There is no other automated camera system this far north of the Canadian Arctic, and there are few in the world above the Arctic Circle, most of which are installed at sites that emit methane. High-resolution measurements of methane uptake (more than 40,000 flow measurements) revealed previously unknown diurnal and seasonal dynamics of methane uptake: while methane uptake was higher in the afternoon in early and mid-summer, coinciding with the maximum soil temperature, methane uptake in late summer peaked at night. The underlying biogeochemical mechanisms are complex, but the study shows that peak methane uptake coincides with peak levels of ecosystem carbon dioxide (CO2) respiration.

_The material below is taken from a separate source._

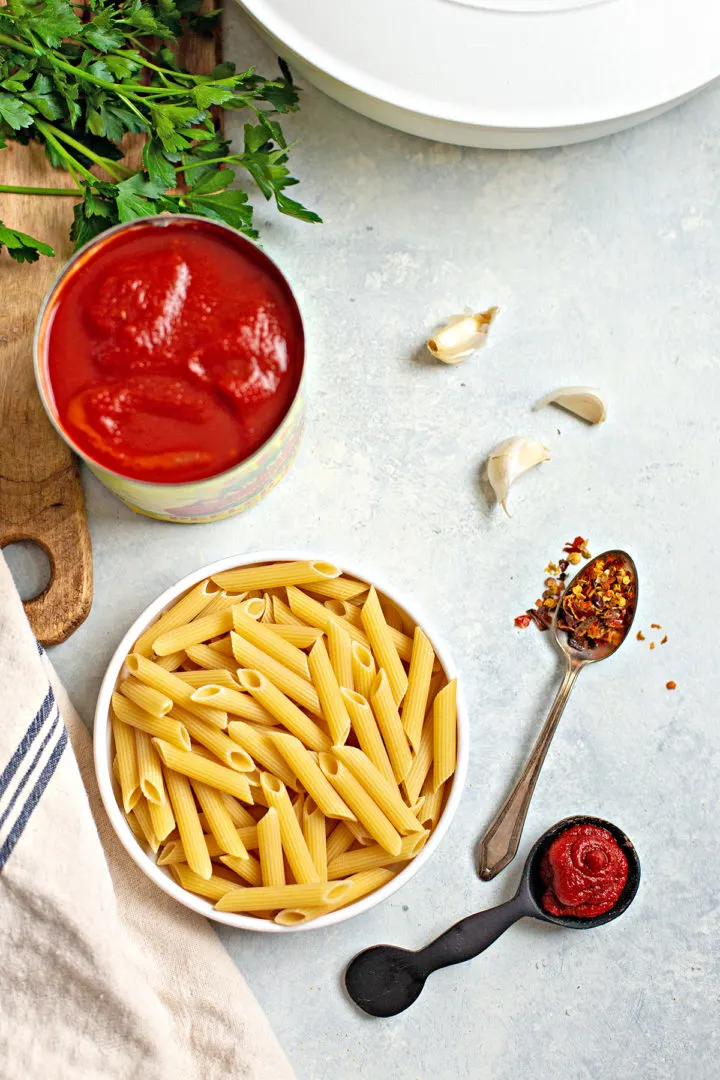 ingredients needed to make penne all’arrabbiata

Complementing the flow measurements at Trail Valley Creek with measurements from other Arctic locations in Canada and Finland showed that the availability of labile carbon substrates and nutrients can promote methane uptake in Arctic soils. On a larger scale, these results are of great importance for estimating the current Arctic methane budget and predicting the future response of Arctic soil methane uptake to a changing climate. According to the study, high-latitude warming, which is happening up to four times faster in the Arctic than in the rest of the world, will promote methane uptake into the atmosphere to a lesser extent than the associated large-scale drying.